Ina Drew “offered” to give up “a significant amount of past compensation”, according to the WSJ who quoted Jamie Dimon at the time. Dimon said it is equivalent to the maximum clawback allowable under the bank’s policies.
Dimon and Braunstein, however, have not given back any 2012, 2011 or 2010 incentive compensation and the SEC hasn’t yet forced them to do so. A recent indictment of two of the two traders implies there was misconduct.
At a minimum, under Sarbanes-Oxley Section 304, the CEO and CFO, whether “blameless” or not, must reimburse the company for any bonus or other incentive-based or equity-based compensation received during the 12-month period following the first public issuance or filing and any profits realized from the sale of securities of the issuer during that 12-month period if the company is required to prepare an accounting restatement, due to material noncompliance as a result of misconduct.
Sarbanes-Oxley Section 1101, the ‘‘Corporate Fraud Accountability Act of 2002’’ under Sarbanes-Oxley, prohibits tampering with a record or otherwise impeding an official proceeding.
Whoever corruptly alters, destroys, mutilates, or conceals a record, document, or other object, or attempts to do so, with the intent to impair the object’s integrity or availability for use in an official proceeding; or otherwise obstructs, influences, or impedes any official proceeding, or attempts to do so, shall be fined under this title or imprisoned not more than 20 years, or both.
The OCC’s consent order said that JPM’s credit derivatives trading “constituted recklessly unsafe and unsound practices, was part of a pattern of misconduct,” There was evidence in the US Senate Permanent Subcommittee on Investigations mammoth report, “JPMorgan Chase Whale Trades: A Case History of Derivative Risk and Abuses”, and at the hearing led by Senator Carl Levin, that JPM blocked OCC examiners from receiving important information about the trading strategy and problems in internal controls.

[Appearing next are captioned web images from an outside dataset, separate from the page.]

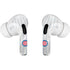 MLB Chicago Cubs Home Jersey Apple AirPods Pro Skin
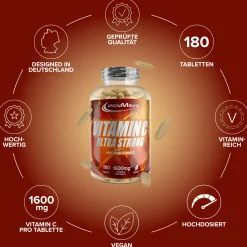 Vitamin C Ultra Strong
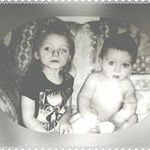Spurgeon Joe Barfield - @bigjoe99990000 - Instagram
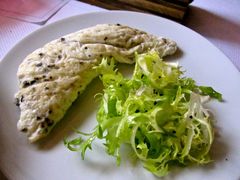 brunch-AZUR聚(香格里拉饭店)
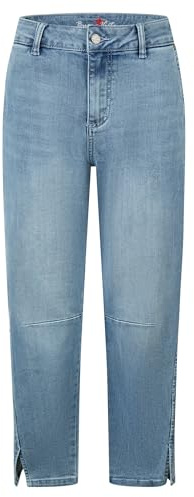 Buena Vista Barrel-T Stretch Denim - S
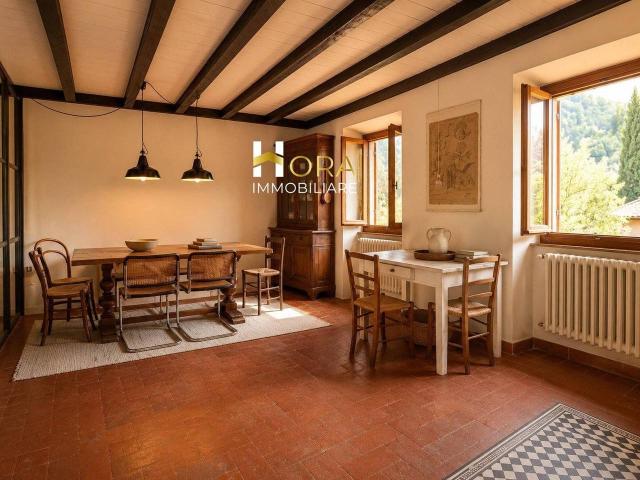 Appartamento in vendita a Pontassieve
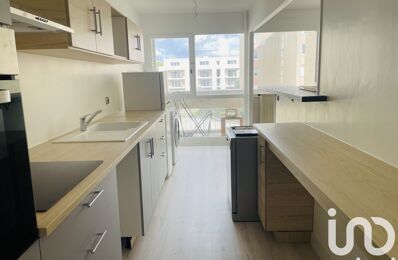 vente appartement 110 000 € à proximité de Pennedepie (14600)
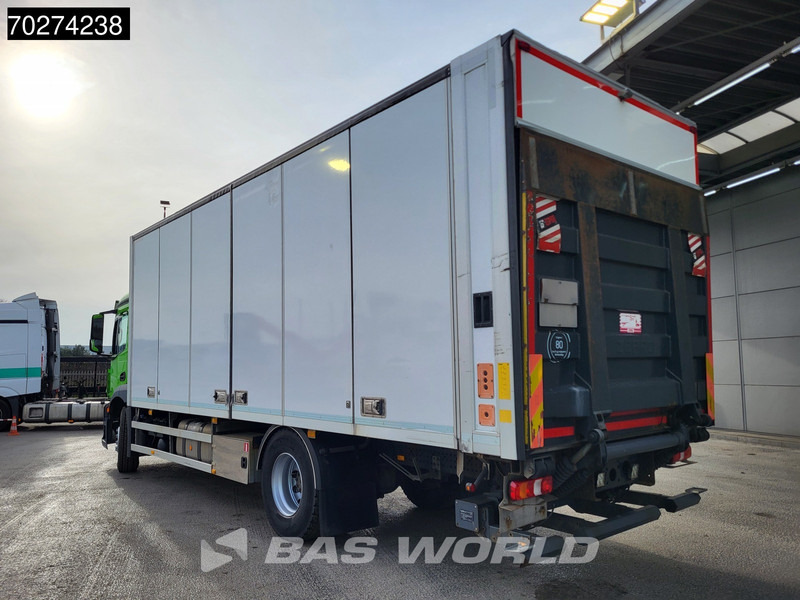 Mercedes-Benz Antos 1827 4X2 2T Tailgate Full Air Automatic Xenon Euro 6 - Bakwagen: afbeelding 2 Mercedes-Benz Antos 1827 4X2 2T Tailgate Full Air Automatic Xenon Euro 6 - Bakwagen: afbeelding 2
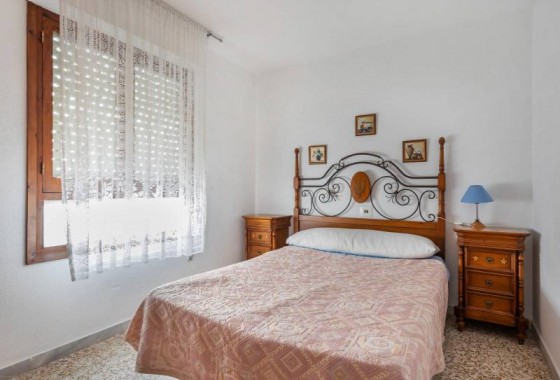 Revente - Appartement - Torrevieja - Acequion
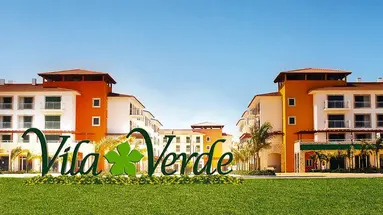 Aguahotels Sal Vila Verde Resort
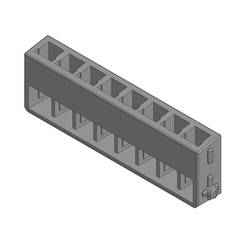 Ryobi RAK 8 High Bits 1/4'' Holder
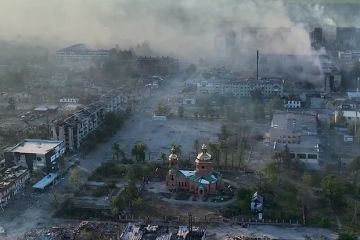 Офицер ВСУ Алекс объяснил потерю Волчанска украинской армией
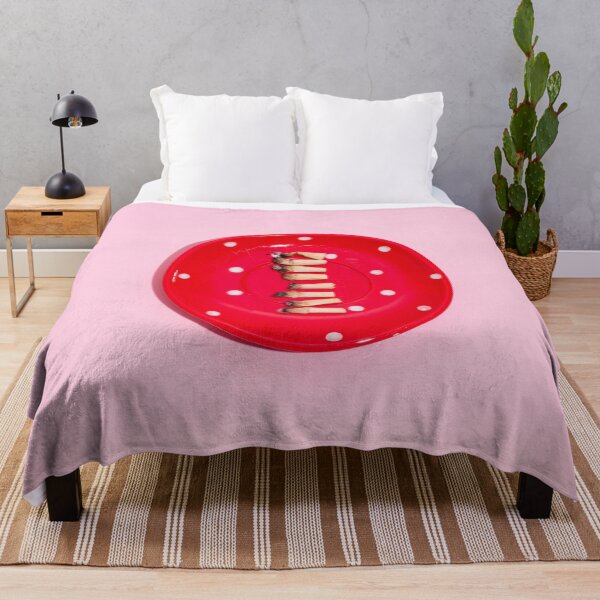 Item preview, Polka dot ashtray designed and sold by pepinodemarst.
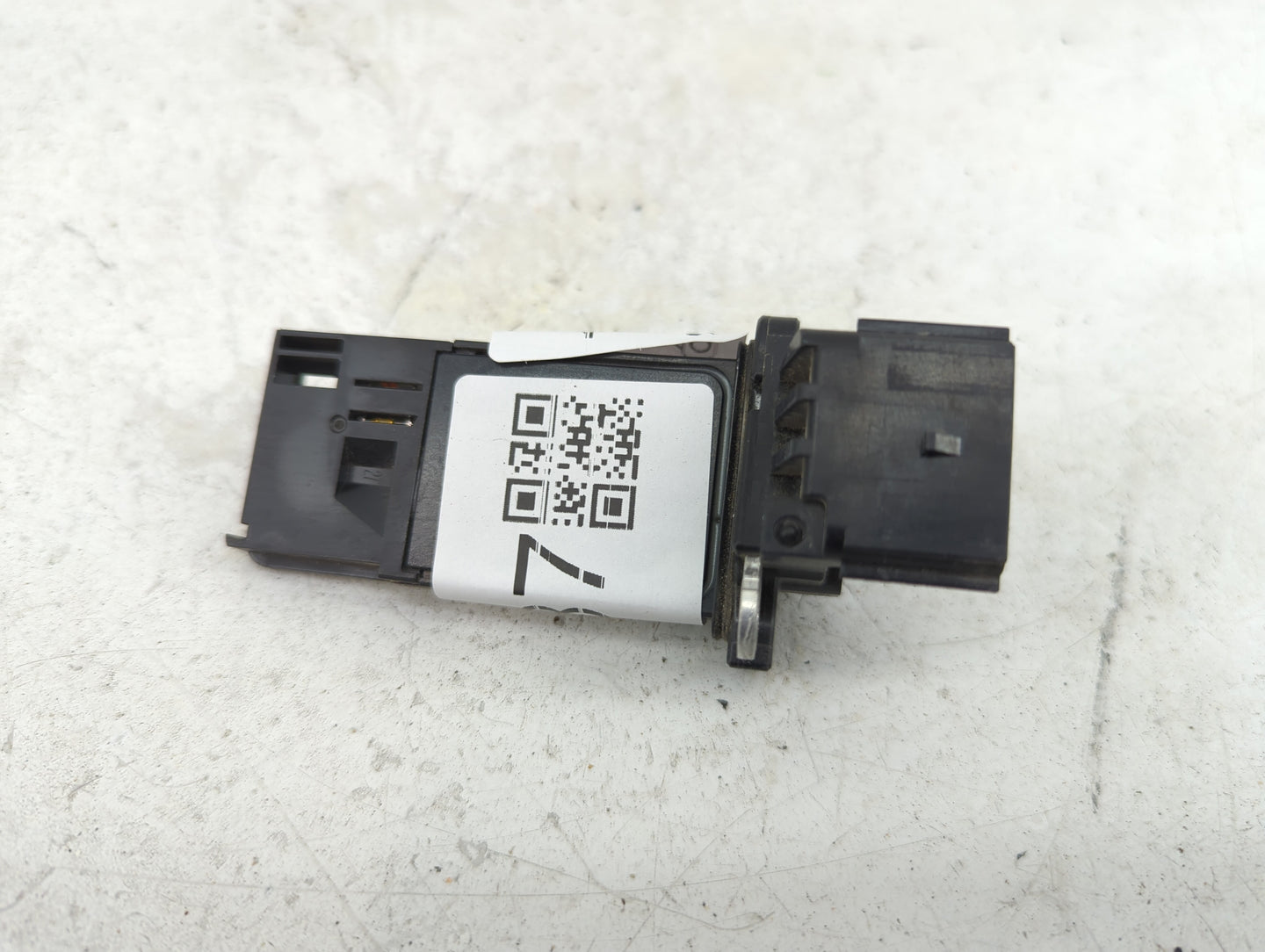 Chevrolet Traverse Mass Air Flow Meter Maf - Oemusedautoparts1.com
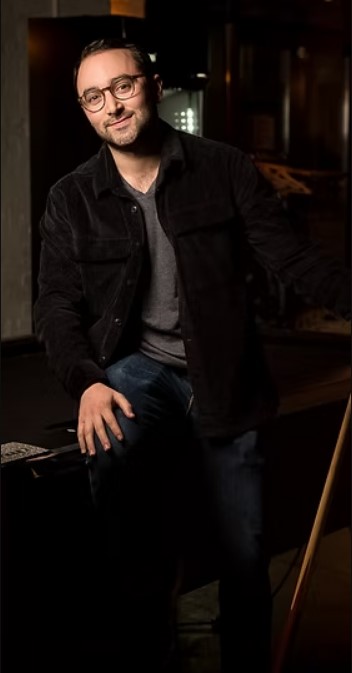 Adam Gold Fan Mail Address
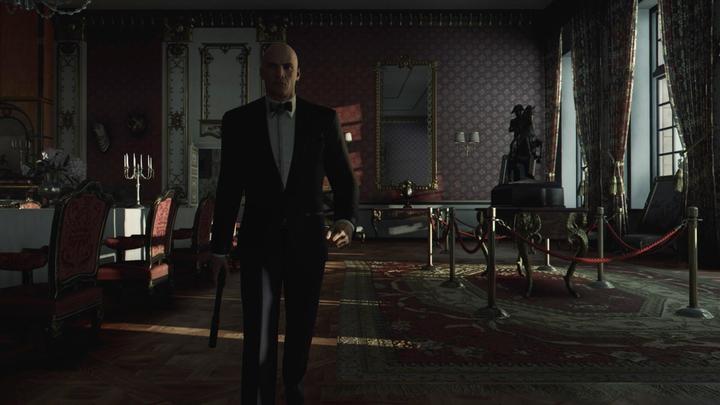 Produktbild Square Enix Hitman : The Complete First Season (Xbox One S, DE)
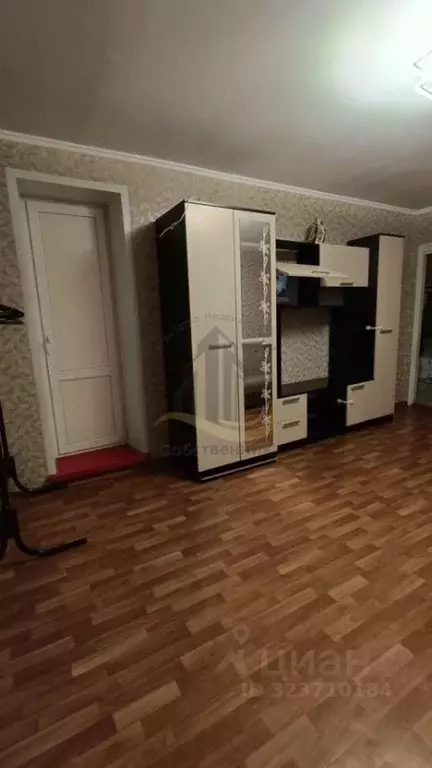 1-к кв. Белгородская область, Старый Оскол Олимпийский мкр, 39 (39.0 ... - Фото 2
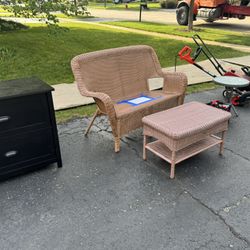 Garage Sale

Mother Jones magazine reported on the hearing:
JPMorgan Chase didn’t just ignore its own rules—it ignored the government’s rules, too. For several weeks last year, the bank simply stopped giving profit and loss reports to the OCC because Dimon said “it was too much information to provide.” Dimon, who is accused of withholding information about the daily losses, allegedly raised “his voice in anger” at a deputy who later turned over the info, the report says.
“This is something we should have been all over from Day One.”
The bank “failed to send regular reports in…the same months [the trade] tripled size,” Levin said. “Why…did OCC examiners that oversaw [the London office] not ask the bank for the missing reports until mid-April after the media storm?”
“This is something we should have been all over from Day One,” admitted Scott Waterhouse, the main OCC official in charge of overseeing JPMorgan Chase.
That sounds a lot like “ tampering and impeding” to me. The SEC’s co-chief of Enforcement George Canellos said the SEC’s probe “is continuing as to individuals.”
I certainly hope Canellos will try a little harder to really use Sarbanes-Oxley this time.
Probably should have posted the other Rod Stewart video but I like Maggie May better.